C’est une énigme, de celles qui rendent le monde de la musique intéressant ou drôle, comme on voudra : comment le batteur d’un des groupes de rock parmi les plus sérieux, indépendants, militants et musicalement influents de ces dix dernières années —
Godspeed You ! Black Emperor —, peut-il faire ce genre de musique électronique entre bidouillages sonores artisanaux, jungle, néo-disco, punk digital, drum ‘n’ bass, dub et expérimentations délirantes ? Comment peut-on être à la fois Aidan Girt avec
GY !BE et Aidan Girt avec
1-speed bike ?
Chez
1-speed bike semble régner un esprit de totale absence de sérieux auquel se mêlent des prises de position politique à ce point au premier degré qu’elles finissent elles-mêmes par être perçues comme de vastes plaisanteries. Il suffirait, pour s’en convaincre, de lire d’un trait la liste des titres de l’album : sorte de poème dada écrit par un teenager perdu dans des substances qu’il aurait expérimentées une fois de trop.

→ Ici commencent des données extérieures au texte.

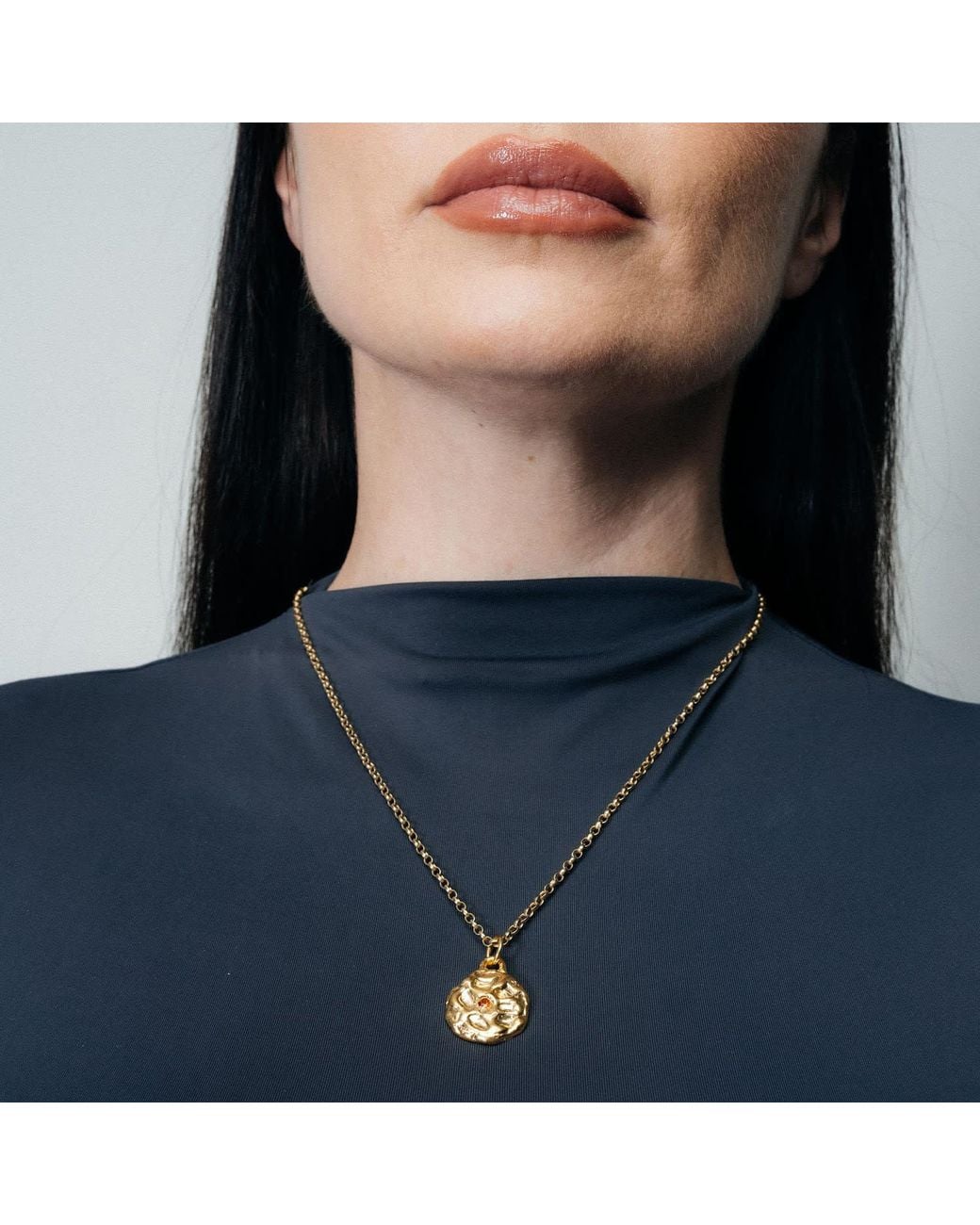 Moca Jewellery White Moon Gem Necklace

Tout ceci prêterait seulement à sourire si le résultat n’était pas particulièrement réussi. Les mixes, remixes, samples de son propre jeu de batterie, explorations en tout genre de
1-speed bike n’épargnent rien, pas même les compositions de ses camarades d’
Hrsta (
Some people know how to roll when they fall off a bike (Hrsta remix) et
The ground is really unforgiving when you fall (Hrsta remix)). Le tout agrémenté d’interventions vocales au cours desquelles Aidan Girt expose ses vues sur la politique de l’administration Bush et ses alliés d’une manière dont il a seul le secret (« I am a believer in truth and justice like motherfuckin’ Tony Blair — I am the sound of a fart from Barbara Bush’s ass at the Easter dinner table », si l’on en veut un exemple extrait de
El Gallito Intro).
Enchaînées comme un dj-set les plages qui constituent
Someone told me life gest easier in your 50’s culminent dans ce saccage frénétique de la musique disco, cette parodie de la techno, cette folie breakbeat qu’est
Will death stop Lenny Kravitz ego ?. Irrévérence poussée à son paroxysme dans une sublime pantalonnade. C’est dans cette inexplicable tension — inexplicable parce qu’il est difficile de comprendre comment on peut aussi bien maîtriser son sujet, sans être révolutionnaire pour autant, et être à ce point enclin à un délire verbal qui frise le ridicule — que réside le charme dépourvu de toute subtilité de
1-speed bike. Une plaisanterie, bien sûr, mais une plaisanterie si bien tournée qu’elle a quelque chose de captivant et de mystérieux.